We can talk on the phone, but it is the physical stuff that we may miss most. The smells of everyone’s specialties, the embrace of aunties and grandmas hovering to check that everybody has enough on their plates are the “mothering” all of our senses will miss.

But we will not be bereft of our mothers. Even if others are making choices that do not feel safe without you, even if you are alone, when in any other year you would be at a crowded feast, please know you are held close by a mothering God.

Father may be the default parenting metaphor for God that many Christians use, but take a look at some of God’s behaviors and whom will you recognize?

In my book, Embodied: Clergy Women and the Solidarity of a Mothering God, I name many of God’s behaviors in the Bible that mothers, or those who have been mothered by someone, know intimately.

God sews handmade clothes for Adam and Eve. God voices divine anger with the people, so that Abraham and Moses can bargain and talk God out of wiping them off the face of the earth for their sins.

God in the person of Jesus changes what he is going to do after a conversation with a desperate child of God, a Canaanite mother begging for crumbs of healing for her daughter.

From the cross, Jesus makes a plan for his own mother – since our caregiver relationships reverse as we age – and his beloved disciple to have family once he is gone.

The Holy Spirit is ever-present, not drawing attention but there when you need her, motivating and preparing us to face the world.

Are these not mothering behaviors?

The sense of belonging and value that our best mothering influences create for us is available to us from God, whether we make it to family holidays or not.

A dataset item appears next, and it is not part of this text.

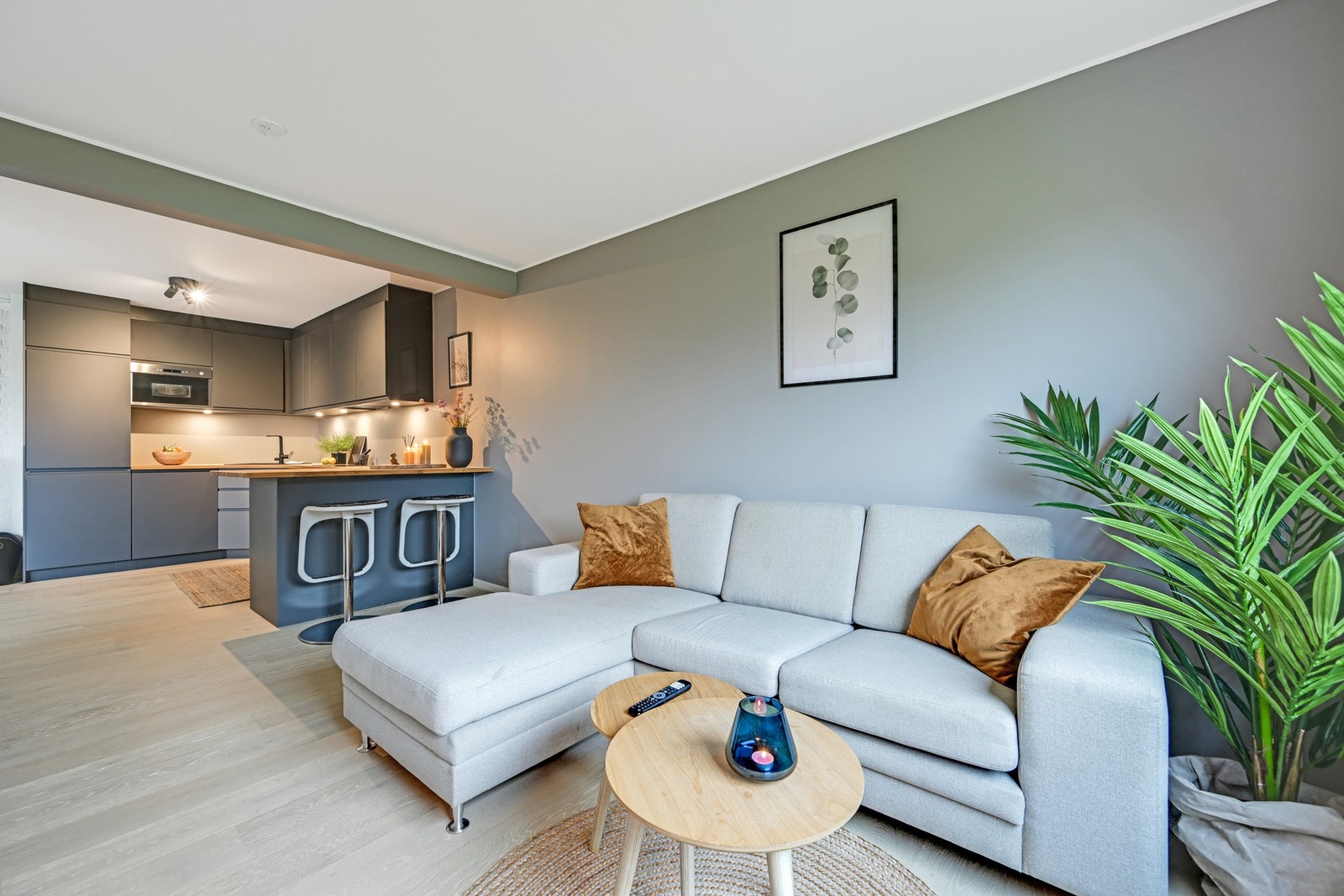 Lys og moderne stue i åpen løsning mot kjøkken - perfekt for både hverdagsliv og sosiale kvelder. Galleribilde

God sets the table and fusses over us and disciplines and gives until it hurts in Scripture and today.

While God is as close and available as a mother to a newborn, we can also recognize God nurturing us from a distance by working through those who are able to be close to us.

Like a working mom who has to entrust her young ones to a daycare provider in order to work, God speaks to us and physically cares for our bodies through others. Moses even compares himself to a midwife, resenting the surrogate caregiver role.

Christians claim to be the body of Christ in the world, so that God cares for people through us. We are not meant to be receivers only, but just as my children’s snuggles or surprising insights strengthen me, God too equips us to be nurturing caregivers for each other.

We can step into mother’s place this year, with God’s mothering behaviors as a guide, and make it our business to fill everyone’s plate.

When our traditions are disrupted, we are more likely to see clearly that not everyone experiences an ideal nurturing experience from their families. Yet God desires to draw all of us together like a mother hen.

Who is close enough for you to bring under those wings? What might we gain this year – as individuals or churches – if we examine how the mothering figures in our lives create community and adapt who is responsible for caregiving in our lives? How does God “mother” without being physically nearby?

Without the template of family traditions and dynamics exactly as they have been before, we have an opportunity to see caregivers with new eyes and indeed to become the ones who mother in the faith.